> To get the behavior you're describing,
> there would have to be some way for Majordomo to construct some "super
> list" on the fly, cull the duplicate addresses, and send it to that.
> Very difficult to do, especially since you might get a separate
> _incoming_ copy of the message for each list.
In fact, I do exactly this, but Brent is right in what he implies here,
which is that this has to be done outside of majordomo. We have a bunch
of machine-status lists here so that users can be informed when a system
goes down or is planned to be taken down. We have a "master status list"
which we want to consist of everyone who is on any of the other status
lists, for things like room power outages that affect all systems.
What we essentially do is have the real alias invoke another script
that runs all the majordomo machine-status list files through "sort | uniq"
(to eliminate duplicates) and builds another majordomo list file on
the fly, then sends the message to this "new" majordomo list.

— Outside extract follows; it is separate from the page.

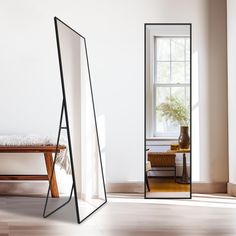 a mirror sitting in the middle of a room next to a table with a vase on it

This
has exactly the desired effect of giving each user who is on any of
the status lists exactly one copy of the message. Further, we restrict
subscriptions to the status lists to user@ucar.edu addresses, so we
can be certain that no user can be subscribed to different lists with
a different address. This extra restriction required hacks to majordomo,
but really this was the main reason we chose majordomo over other list
management packages. Being a perl script, it is relatively easy to
make necessary local changes like that.